The likelihood of environmentally motivated migration depends on social, economic, political, and cultural conditions (Bernzen et al., Citation2019). However, the same objective conditions may lead to different migration decisions, as people appraise environmental risks differently. Recent explorations of environmental migration highlight the importance of climate change perceptions and related subjectivities to mobility (Czaika & Reinprecht, Citation2022), including people's views on their own agency, risk tolerance, and personal migration thresholds (Adams & Kay, Citation2019; Wiegel et al., Citation2019). These critical perceptual factors must be accounted for meaningfully to evaluate future mobility decisions (migration and non-migration). In addition to the role of environmental perceptions, more research is needed to understand how the type, extent, and frequency of environmental events may influence mobility decisions.

To begin to address this research gap, this study investigates the effect of extreme environmental events on mobility motives against a selection of key factors influencing migration aspiration. We ask: How does the migration aspiration of people at risk vary based on the type of extreme environmental event they perceive or experience? In response to this question, we conducted an empirical survey and collected qualitative and quantitative data in five villages in the southwest coastal region of Bangladesh.

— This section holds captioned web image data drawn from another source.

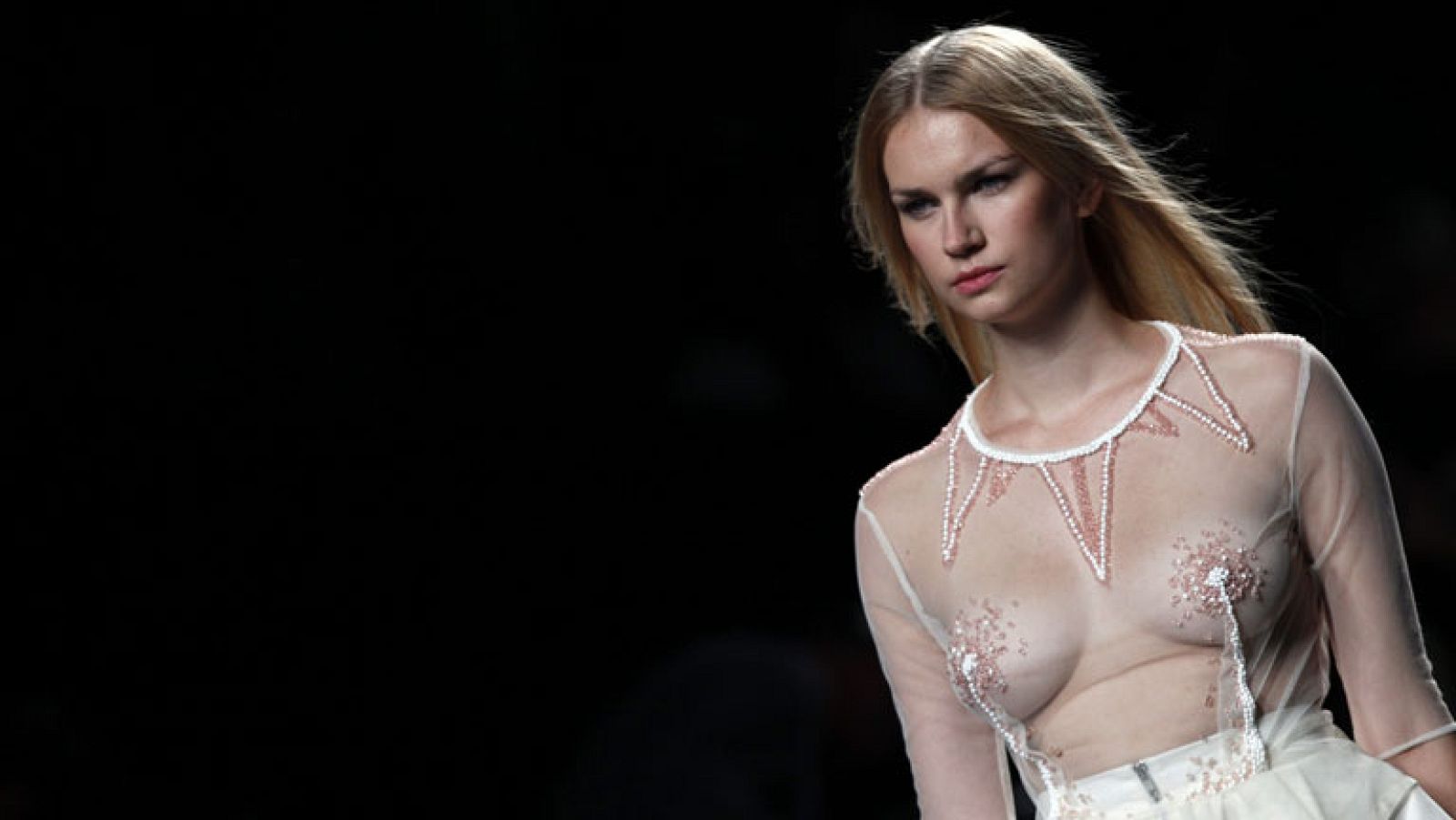 Desfile íntegro de Victor Von Schwarz | Ver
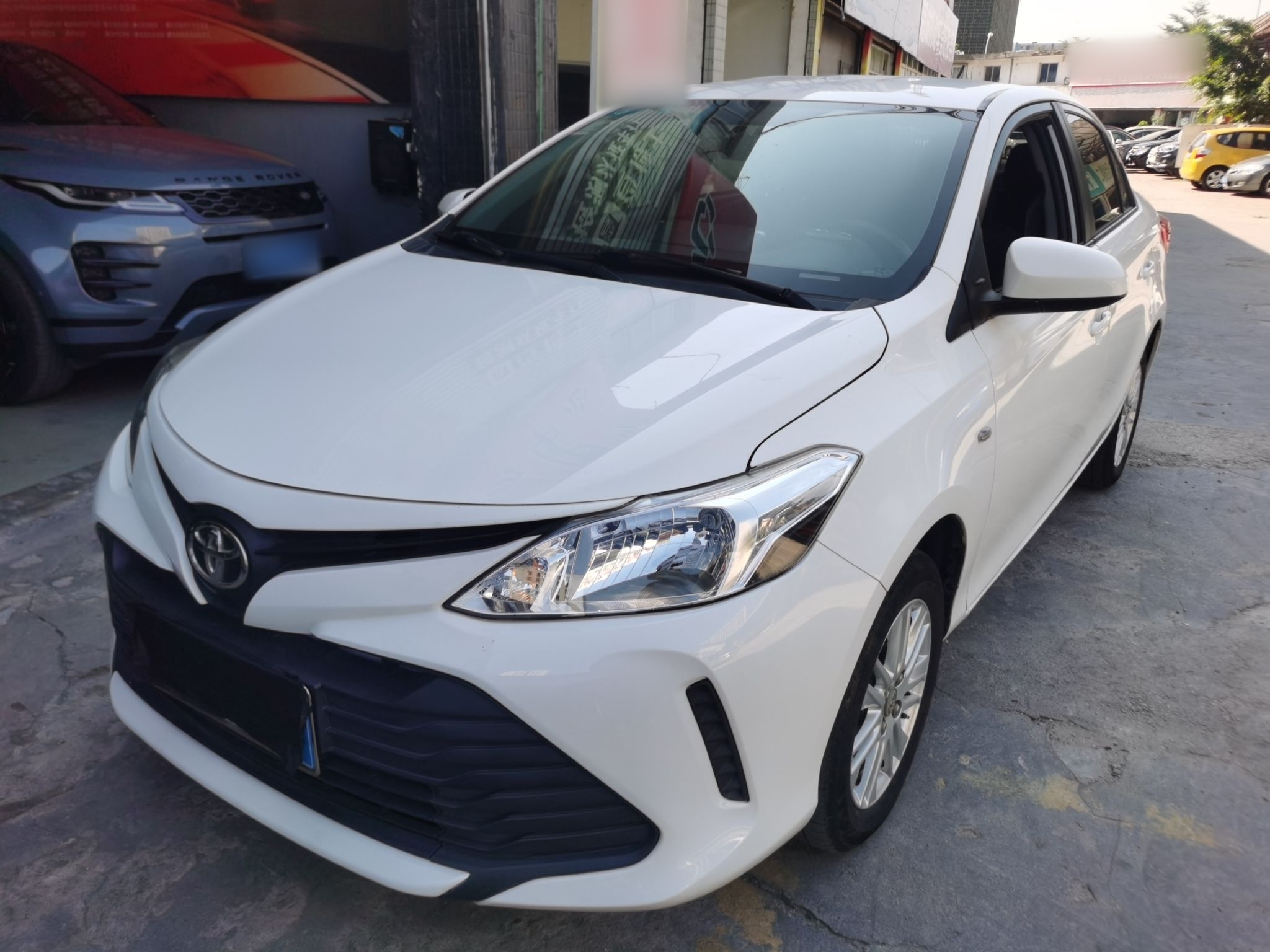 Parte inferior delantera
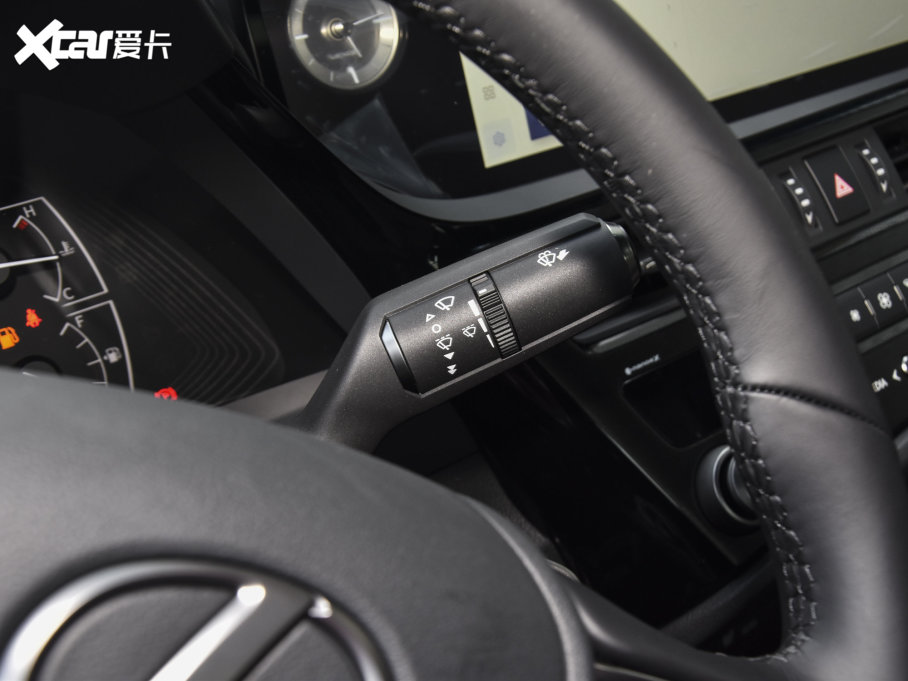 2022׿_˹ES 200 ׿Խ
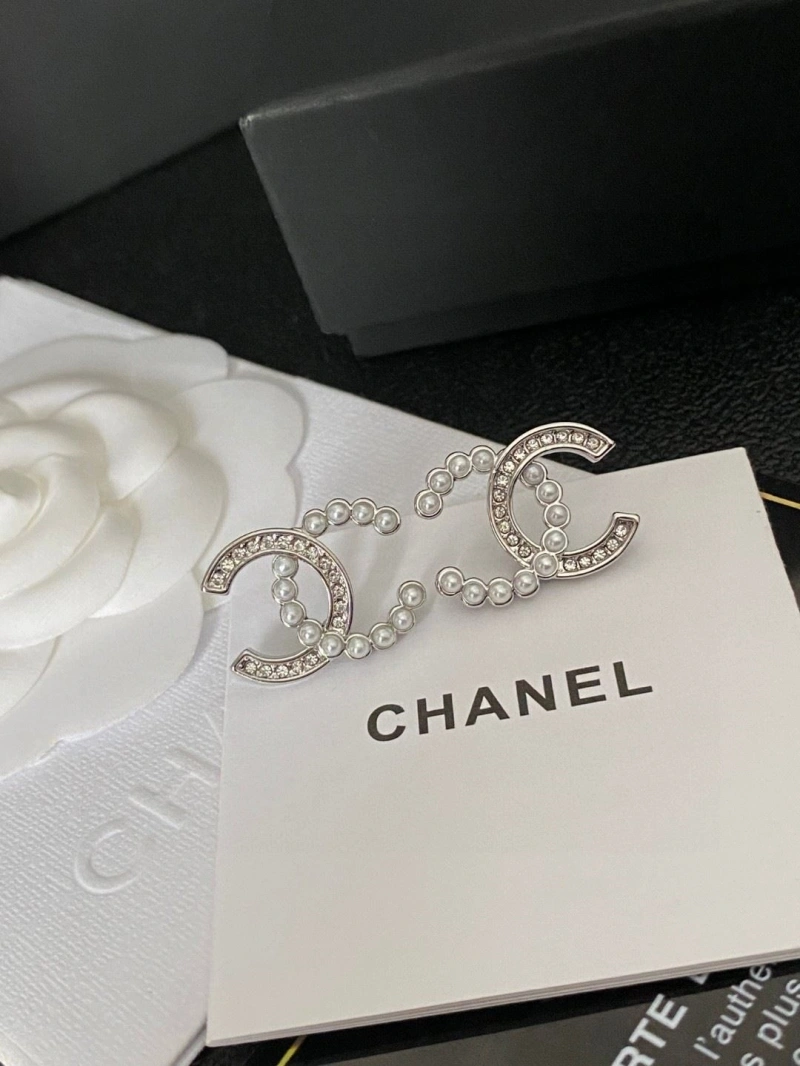 Resilient Chxnxl Earrings 288870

Natural hazards in this region are divided into two main categories, (1) rapid-onset such as storms, cyclones, and floods, and (2) slow-onset such as salinity, riverbank erosion, and siltation. Our analysis shows that the type, severity, and frequency of such environmental events interact with socioeconomic conditions to influence people's future migration motivations.

2. Literature review & analytical concept

2.1. Environmental (non-)migration discourse

Environmental hazards and climate change affect human mobility in multiple ways. They can broadly be divided into four outcomes: (1) forced migration, (2) involuntary non-migration, (3) voluntary migration, and (4) voluntary non-migration (Mallick & Schanze, Citation2020). When the effects of a natural hazard coerce migration by rendering a household's current living place insufficient to sustain life, and when these households cannot adapt in place due to lack of capability, the resulting movement is known as forced migration (Adger et al., Citation2021; Cattaneo et al., Citation2019; Hodgkinson & Young, Citation2009). Low-income families may face forced migration after natural hazards as existing inequalities make them especially vulnerable to hazards and less able to adapt or recover. In Bangladesh, forced migration is more frequent after cyclones and other rapid-onset hazards that abruptly destroy livelihoods or property, precluding the possibility of staying in place (Mallick & Vogt, Citation2014). Meanwhile, migration decisions caused by a slowly changing environment more often arise deliberately and gradually as people begin to feel that their living environment is depleted and livelihood opportunities are declining. Those who willingly migrate in the face of this kind of environmental change are considered voluntary migrants. As salinity increases in coastal areas of Bangladesh, many people who can afford to do so are slowly moving away or converting to more salinity-tolerant occupations like shrimp farming or saline-tolerant rice and vegetable cultivation (Chen & Mueller, Citation2018).

Environmental (non-)migration, a comparatively understudied phenomenon, can be described as the lack of aspiration or capability to migrate despite an environmental risk (Mallick & Schanze, Citation2020). Staying in place in the face of hazards, and the factors underpinning non-migration, are fundamental to the environmental migration story. In some cases, people are interested in migrating but cannot move for different reasons; principal among these are financial barriers and a lack of social contacts to help facilitate the move (Etzold & Mallick, Citation2016). These ‘trapped populations’ are categorised as involuntary non-migrants (Ayeb-Karlsson et al., Citation2020; Black & Collyer, Citation2014). Finally, some people decline to leave their home region, regardless of financial and social capacity. They view migration as a final recourse because they prefer to live in their birthplace, stay with their relatives, and/or are unwilling to relinquish their property (De Dominicis et al., Citation2015). This is defined as voluntary non-migration.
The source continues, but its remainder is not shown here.